Mr President, Beware Of Laissez Fair Capitalism Flattery

THE POLEMICS

Lekgowe, Mogapi & Kgosi

Rumour has it that President Masisi recently announced, boldly, but to the ire of many that, he never said he will create jobs,  that his job is to provide an enabling environment for job creation.

Many might have missed this, leading up to the 2019 general election this statement has been shape shifting in low-resolution double-speak, the one associated with politicking. Hearing it now, boldly and blatantly announced, is liberating. It enables the unfurling of finer details of Masisi’s doctrine.

Because of that revelation, we now know of Masisi’s push towards a second-hand approach, laissez faire capitalism he intends to employ to drive his agenda. Leaving a small and fragile economy such as ours to market forces is no different from leaving an innocent boy child alone in a Catholic parish.  The repercussions may not be immediate or might be actively hidden from public eye but the national expectations drawdown will yield us nothing but disappointment.

The drawbacks of this hands-free, market driven economy are many. The resultant hegemony by a few corporations with seemingly no public interest at heart is easily an anti-thesis to a government for the people by the people. And to date, President Masisi has accumulated a few frequent flier miles on his quest to lure investors into Botswana. Some of the trips were to blow off the dust from old MOUs probably signed before the Khama-era and forge new bilateral relations.

But the picture that is emerging is of a president so consumed by the concept of a knowledge-based economy and an ideology of somewhat glitzy start-ups, all operating in a free-market set-up, easily detached from the reality facing a traditional enterprising Motswana who breaks a sweat everyday farming chickens which he cannot sell at a profit, or the small-stock farmer who doesn’t have a market for his flock, or the horticultural farmer struggling to sell his produce at a profitable price because the big retail shops are either producing vegetables themselves or just deliberately pitting one farmer against another in a perpetual price war. Price discovery is all fine in mature free-market economies, in our context it lacks the compassion of sensible and targeted policy meant to uplift an ordinary Motswana.

Masisi’s renewed mandate is a call for him to carry favour with ordinary Motswana, all the time. His policies should, at all times, match the pressing needs of our people. Shameless infant industries protection is critical here, and that means government intervention in the economy to help citizen-led SMME’s against the cut-throat rape-culture of free-markets.

We cannot economically transform if we haven’t gotten the basics right. This means ensuring our small to medium enterprises (SME) are thriving and creating employment and exploring new markets. The BIDPA special briefing on SME policy found out that approximately 80% of SME in Botswana cease operating within 5 years of start-up. This is worryingly high considering that SME’s employed the same number of people as large firms, about 32%. Now with the declining importance of centralized mass production of which mostly are in foreign hands, SMEs are usually 100% citizen owned. A publication on the European Scientific Journal in 2014 by Wilbert R. Mutoko mentioned a few contributory factors to the high failure rate of SMEs in Botswana, being the lack of entrepreneurial and management skills, access to finance, restrictive regulations and shortage of business premises.
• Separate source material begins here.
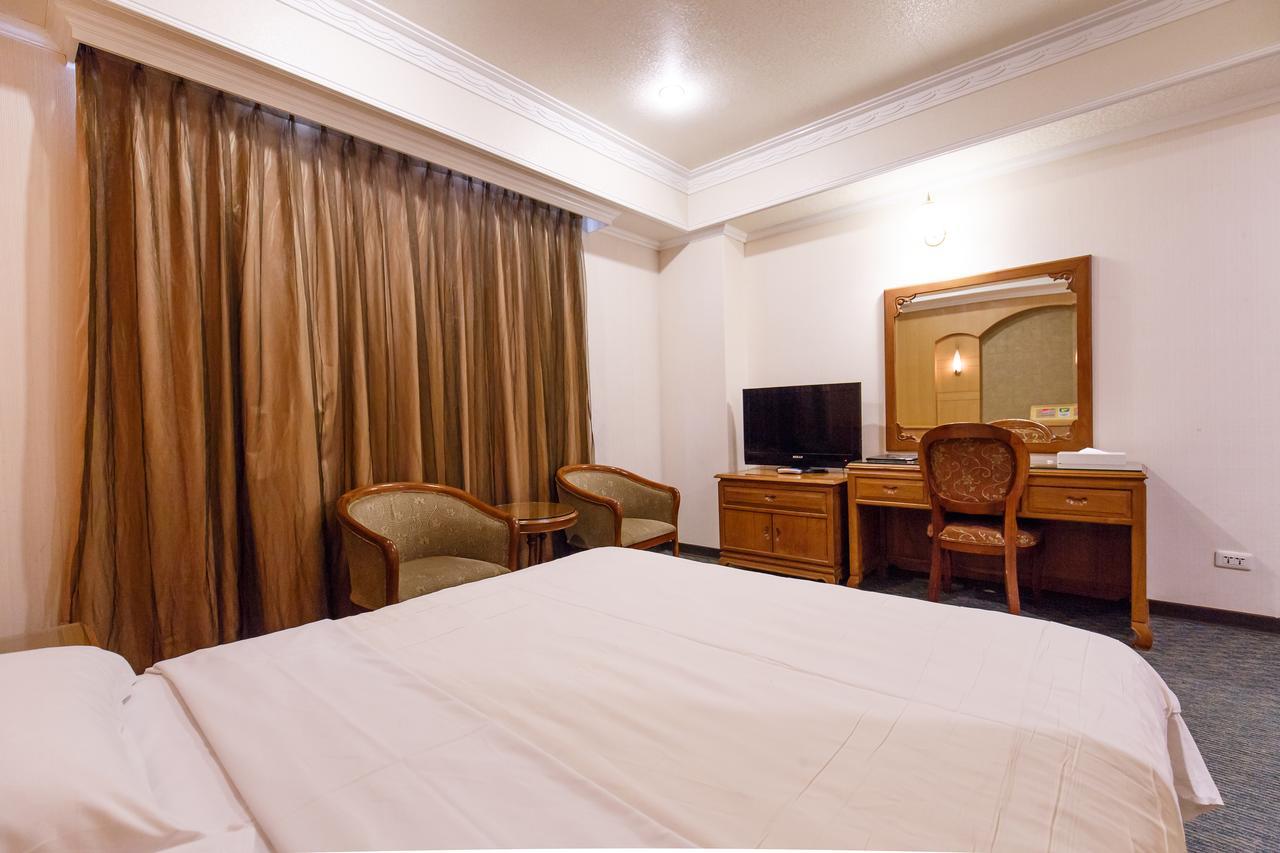 Champion Hotel 3*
It is not that Batswana are not entrepreneurial or ambitious. They are already doing wonderful things and could do more to grow and employ their fellow countrymen.  It’s just that the system is rigged against them. The men with the ponytails have captured the economy and it seems the president’s laissez faire approach is directly targeted for them to thrive at the expense of Batswana. He would rather try and pursue totally new lines of entrepreneurship lest he steps on the toes of his benefactors.

Masisi should abandon altogether the laissez faire bearing. It works best elsewhere, not for our current situation. We need our government to actively guide our budding SMME entrepreneurs, nurture them, equip them with the necessary skills, buy their produce and watch them thrive and grow. That is how we secure our economy, and bolster our national security ensuring that our people have a larger stake in factors of production.

Because the big foreign-owned corporations will leave, without a notice, they don’t owe us, but our people have their hearts here and we owe them an honest job at delivering effective solutions to the challenges they face.